Waren die Schurken der Serie die sich bekämpfenden Wissenschaftler Fu Manchu und Moriarty, so hat man hier nur letzteren übernommen, der sich in der ersten Hälfte des Films hinter der (uneindrucksvollen) Maske des Phantoms verbirgt und so absolut uncharismatisch ist, dass der Liga eindeutig ein würdiger Gegenspieler fehlt – für eine Superheldenstory, insbesondere mit so legendärem Cast, ist das Gift.
Wohl um Geld zu sparen und nicht gegen die üblichen Sehgewohnheiten zu verstoßen tritt der Unsichtbare meist geschminkt und damit sichtbar, und Jekyll meist als er selbst auf. Hyde hulkt nur manchmal hervor, ist technisch ganz okay, wirkt aber viel zu menschlich; gegen Ende taucht noch ein zweiter, monströserer „Über-Hyde“ auf, so dass man uns wenigstens einen Monsterfight gönnt.
Am besten fährt mit dem Film wohl, wer den Comic nie gelesen hat, doch auch dann ist er kein Vergnügen, da er vor Klischees, Logiklöcher ohne Ende, platte Charaktere und anderen Ärgerlichkeiten strotzt.
– Beispiel: Das Phantom will Venedig zerstören, mit der riesigen Nautilus fahren unsere Helden weit in die Stadt herein, die daraufhin von einer Explosionswelle getroffen wird. Tom Sawyer springt in das Auto, das er nie gefahren ist und rast los, die Explosion aufzuhalten. Dabei müssen die Ligamitglieder videospielhaft gegen Abertausende von Schergen des Phantoms kämpfen, die dieser in der zusammenbrechenden Stadt postiert hat.
Norringtons Regie, die ja „Blade“ wirklich cool gemacht hatte, glänzt hier auch eher selten. Ab und zu gibt es mal eine schicke Kamerafahrt, aber die Actionszenen sind oftmals langweiliges CGI-Getue, das den Zuschauer einfach nicht erreicht.

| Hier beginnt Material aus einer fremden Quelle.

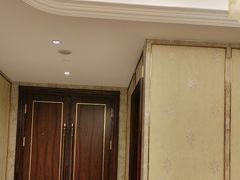 -沪华海鲜大酒楼(南汇店)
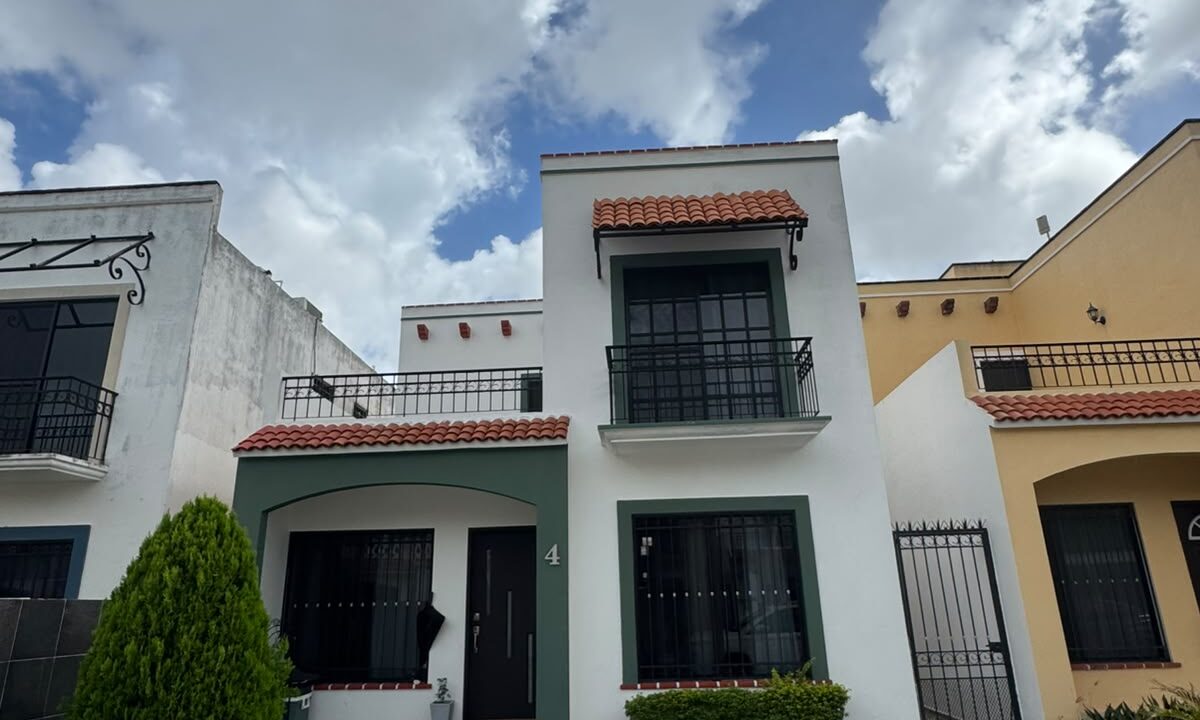 Casa en Venta en santa fe Cancun con recamara en planta baja y baño completo (3)
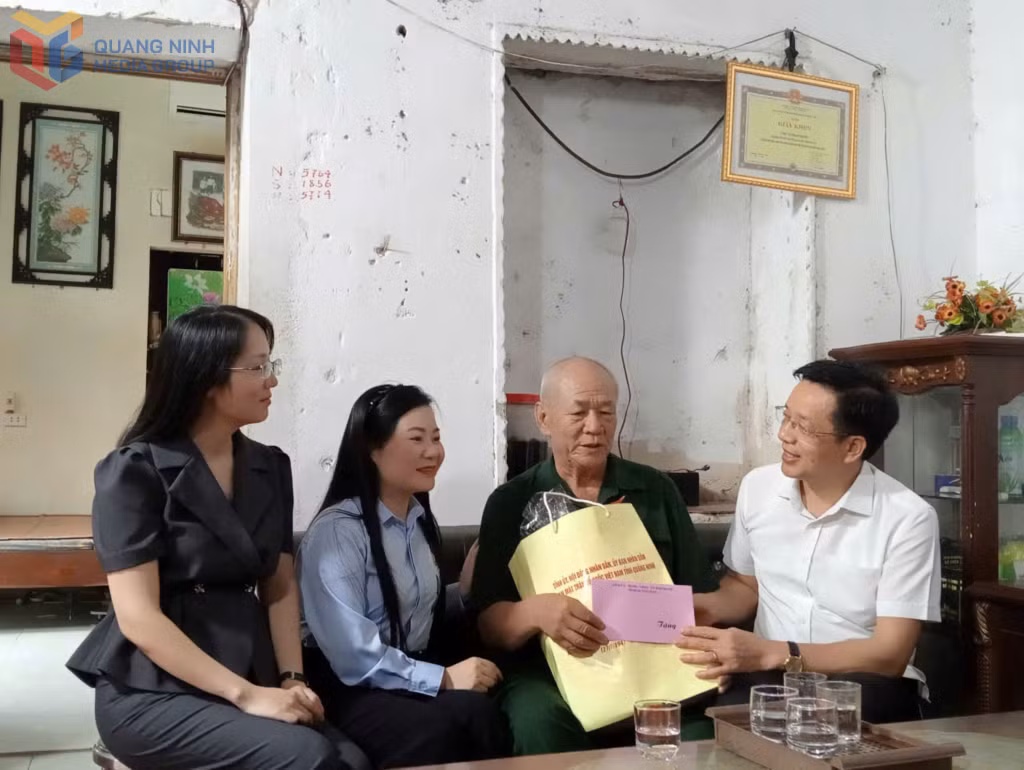 Chủ tịch Ủy ban MTTQ tỉnh thăm, tặng quà ông Lý Thanh Nghiệp, 76 tuổi, xã Hải Lạng.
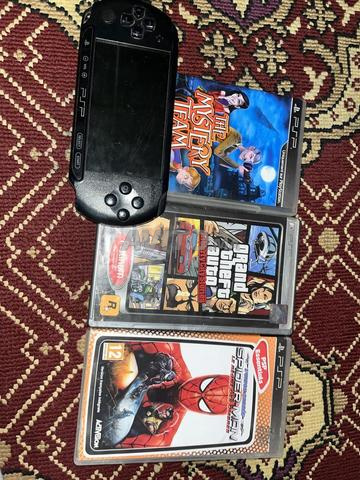 Nintendo Wii U comme neuf et PSP avec 3 CD - 2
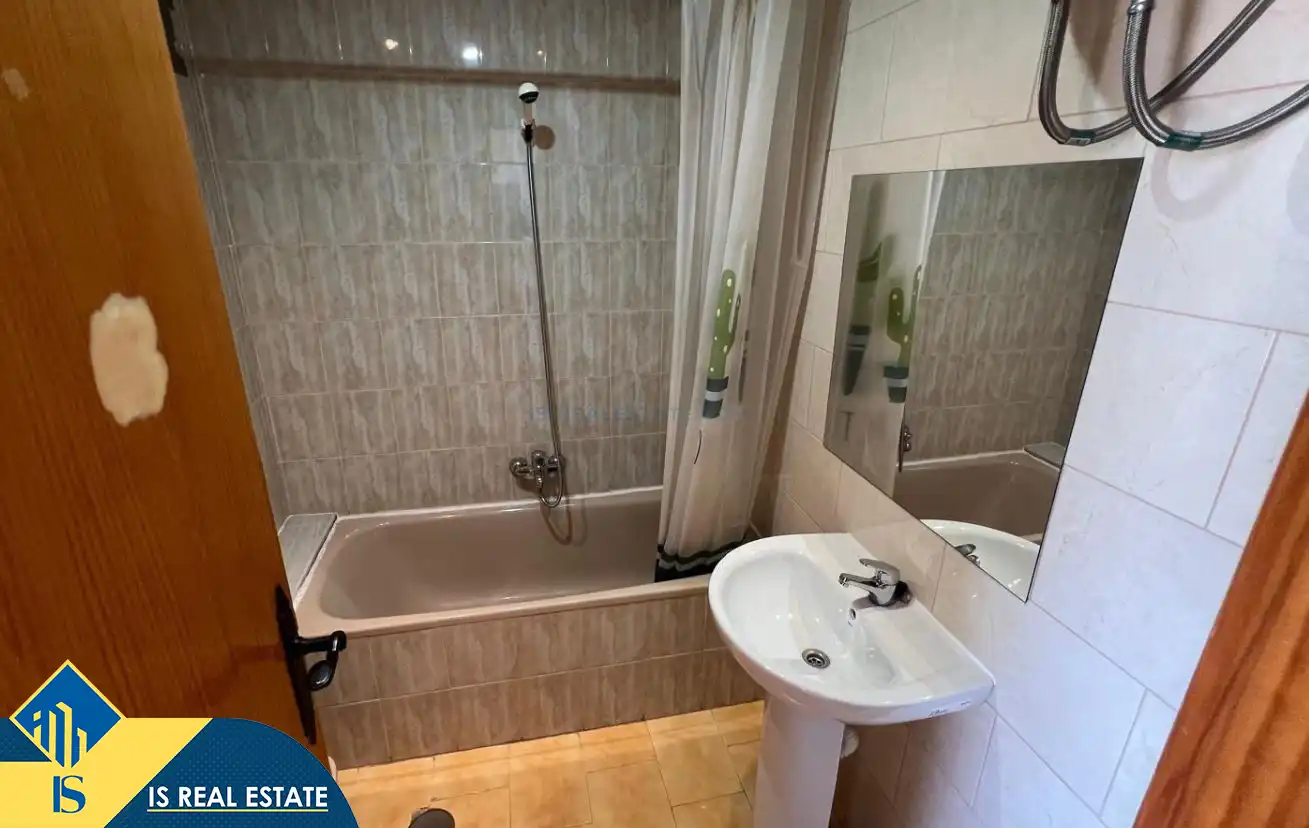 Bathroom of Study for sale in Torrevieja  with Air Conditioner, Heating and Terrace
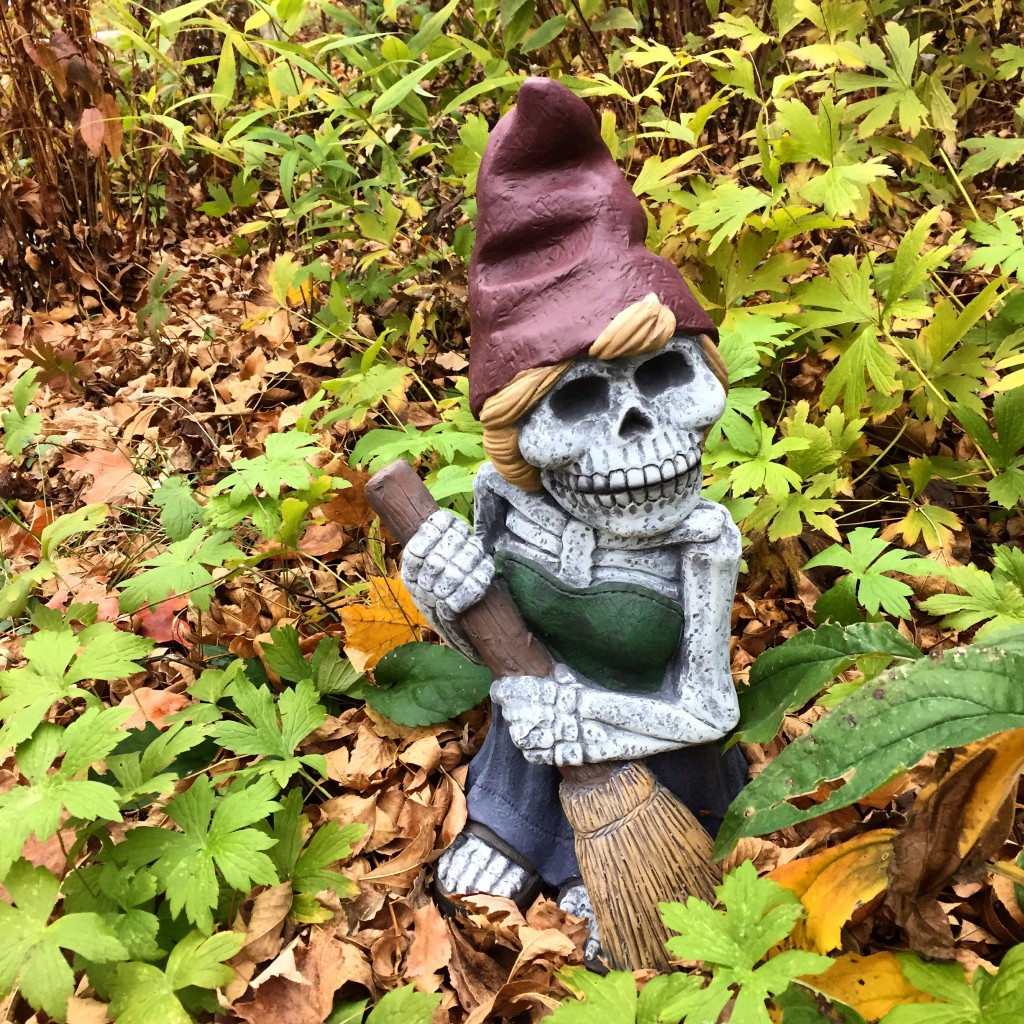 20151112_skeleton gnome
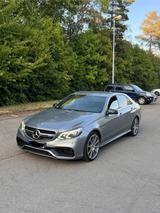 Mercedes-Benz W212 E 63 AMG S 4MATIC AMG S Carbon packet  - graue Mercedes-Benz E 63 AMG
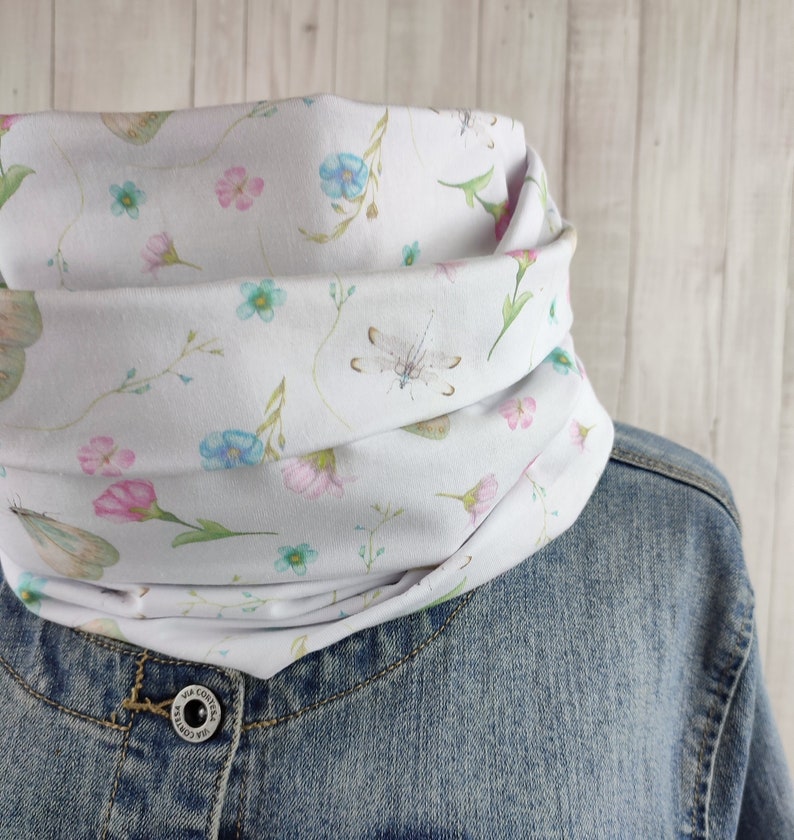 Loop Schlauchschal in weiß mit ganz zarten Blumen und Schmetterlingen in rosa und hellblau, Schal für Damen aus Jersey Bild 1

Wirklich enttäuschend, wie hier die Chance auf einen wirklich tollen Film vertan wurde. Es wundert mich nicht, dass Alan Moore daraufhin seinen Namen von allen Filmprojekten (auch dem tollen, wenn auch naiven „V wie Vendetta“) zurückgezogen hat. Erstaunlicher hingegen, wie übel der, zwar nicht wirklich gute, aber teils doch ganz charmante „Van Helsing“, der ja eine ähnliche Grundidee hat von vielen Leuten beschimpft wurde. Gegen „LXG“ sieht er nämlich wirklich ganz anständig aus.